Les prix du pétrole sont restés relativement stables durant le blocage ; ils ont légèrement monté en raison de spéculations sur le sauvetage du navire. Cependant, la faible demande due aux mesures de confinement en Europe, les inventaires élevés, et le pipeline SUMED (qui relie le golfe de Suez à la côte méditerranéenne) ont permis d'éviter tout hausse importante.
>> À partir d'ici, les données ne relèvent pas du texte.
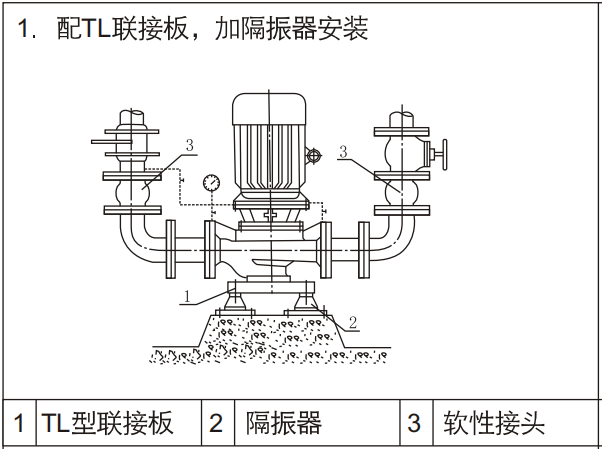 消防泵安裝示意圖-配TL聯(lián)接板，加隔振器安裝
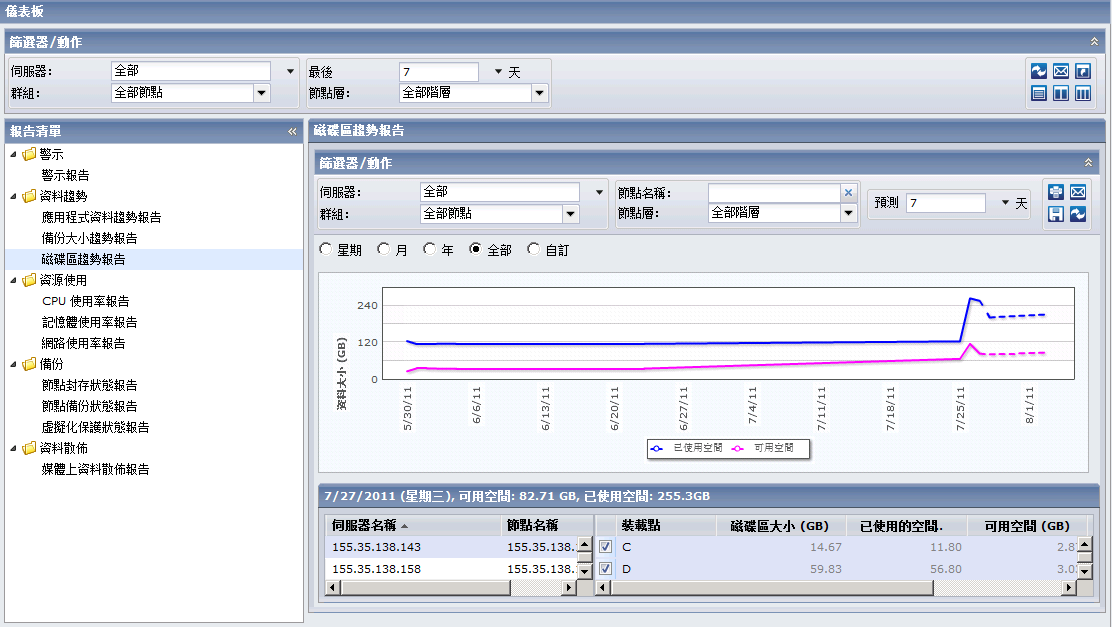 磁碟區趨勢報告深入檢視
Le commerce mondial vulnérable aux points d'étranglement
Même si l'Ever Given a entravé le trafic moins d'une semaine, l'incident a rappelé la vulnérabilité du commerce international à différents points d'étranglement navals dans le monde. Plus de 90 % du commerce passe par le transport maritime, et une partie importante doit traverser des voies navigables étroites situées dans des lieux stratégiques. Environ 10 % des marchandises empruntent le canal de Suez et 40 % le détroit de Malacca ; et 20 % du pétrole mondial passe par le détroit d'Ormuz. Les emplacements de ces points d'étranglement donnent la possibilité à des groupes criminels transnationaux, à des organisations gouvernementales ou même à des États de nuire sérieusement au commerce et à l'économie mondiale. Les transporteurs doivent s'assurer d'obtenir les dernières informations à jour et d'appliquer les meilleures pratiques en vigueur, incluant la révision des plans de sécurité, le renforcement des navires, et les rapports aux organismes maritimes compétents afin d'atténuer les risques potentiels pour leurs équipages et leurs actifs lorsqu'ils doivent emprunter ces points d'étranglement maritimes.